Chair: Yuan Wu, PhD (Duke University)
Instructor: Anru Zhang, PhD (Duke University)
Course Description:
Generative modeling is a rapidly evolving area in data science that enables the creation, analysis, and interpretation of complex data. This short course introduces the statistical foundations of generative models and their growing impact on biomedical research.
We will begin with backgrounds, variational autoencoders, generative adversarial networks, and normalizing flows, before moving to state-of-the-art approaches such as diffusion models and flow matching. Throughout, we will emphasize how these models relate to fundamental statistical ideas, including estimation, uncertainty quantification, and bias correction.

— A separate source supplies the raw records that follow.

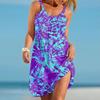 Abito da spiaggia da donna, mini abito da spiaggia, stampa gialla a mulino a vento, casual, moderno, senza maniche, vestibilità ampia, all'aperto, quotidiano, rosa, blu, estate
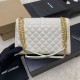 YSL Envelope Medium in Quilted Grain De Poudre Embossed Leather Blanc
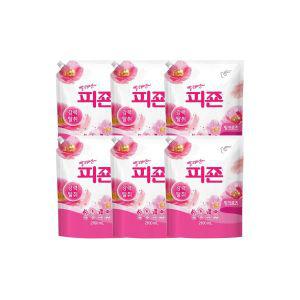 피죤 핑크로즈 섬유유연제 리필 2100ml 6개 / 2.1L 일반 드럼 겸용 유연제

Applications will focus on biomedical science, showcasing how generative methods enable protein structure prediction, design, and simulation. Case studies will demonstrate how these approaches address practical challenges such as small sample sizes, irregular time series, and sampling bias, enabling data augmentation and accelerating discovery.

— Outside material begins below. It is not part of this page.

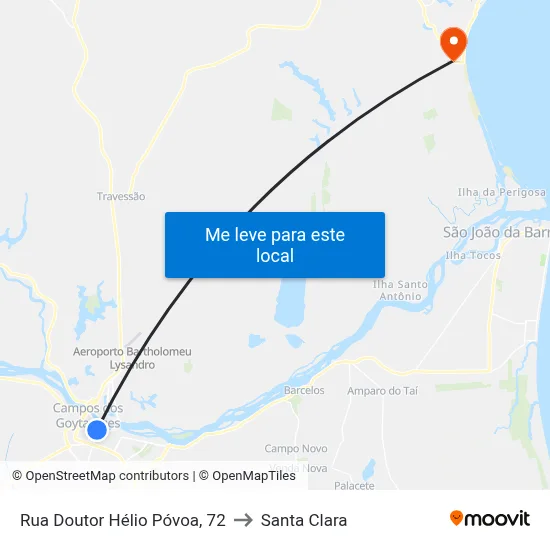 Rua Doutor Hélio Póvoa, 72 to Santa Clara map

The course is designed for a broad audience across statistics, machine learning, and the biomedical sciences. By integrating theory, methodology, and applications, it aims to equip participants with a principled understanding of generative modeling and inspire future research.

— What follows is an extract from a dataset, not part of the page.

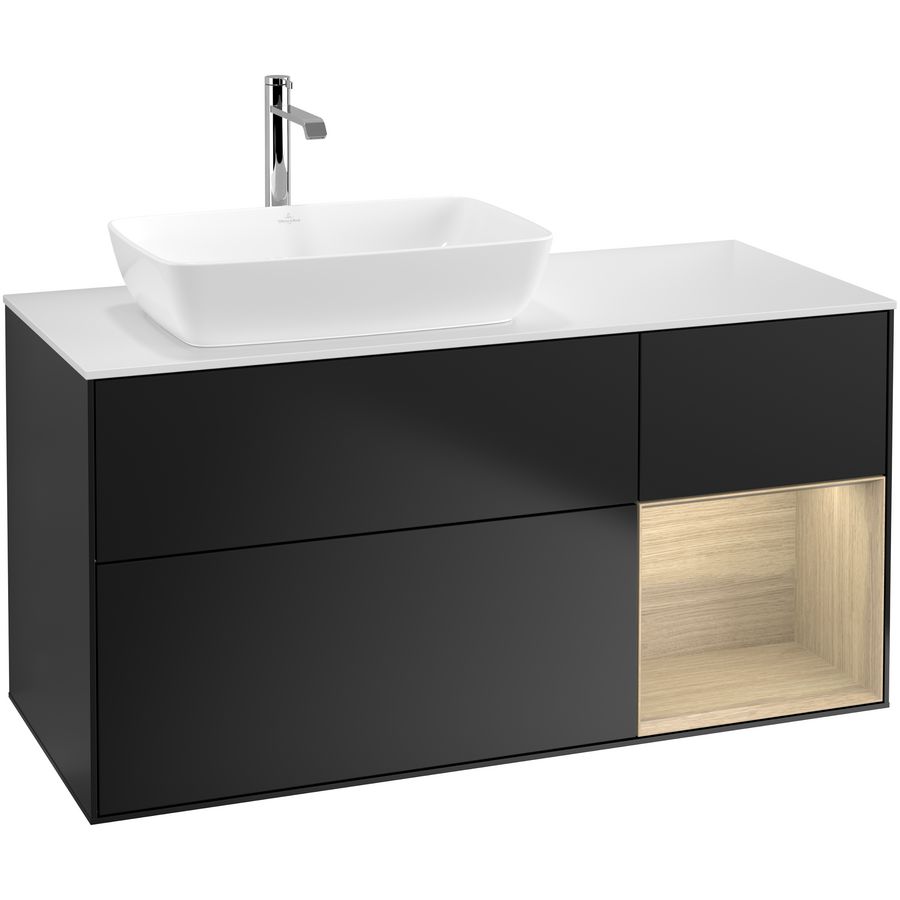 Wastafelonderkast Finion 1200x603x501mm Black Matt Lacquer G811PCPD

Prerequisite: | Basic statistics, probability, and linear algebra |
Instructor:
Anru Zhang, PhD
Eugene Anson Stead, Jr. M.D. Associate Professor
Department of Biostatistics & BioinformaticsÂ
Duke University
Dr. Anru Zhang is a primary faculty member jointly appointed by the Department of Biostatistics \& Bioinformatics and the Departments of Computer Science and the Eugene Anson Stead, Jr. M.D. Associate Professor at Duke University. He also serves as the Associate Chair for Research at the Department of Biostatistics \& Bioinformatics at Duke University. He obtained his bachelor’s degree from Peking University in 2010 and his Ph.D. from the University of Pennsylvania in 2015. His work focuses on high-dimensional statistics, tensor learning, generative models, and applications in electronic health records and microbiome data analysis. He won the COPSS Emerging Leader Award, IMS Tweedie Award, and the ASA Gottfried E. Noether Junior Award. Two of his PhD students won the IMS Lawrence D. Brown Awards. His research is currently supported by two NIH R01 Grants (as PI and MPI) and an NSF CAREER Award.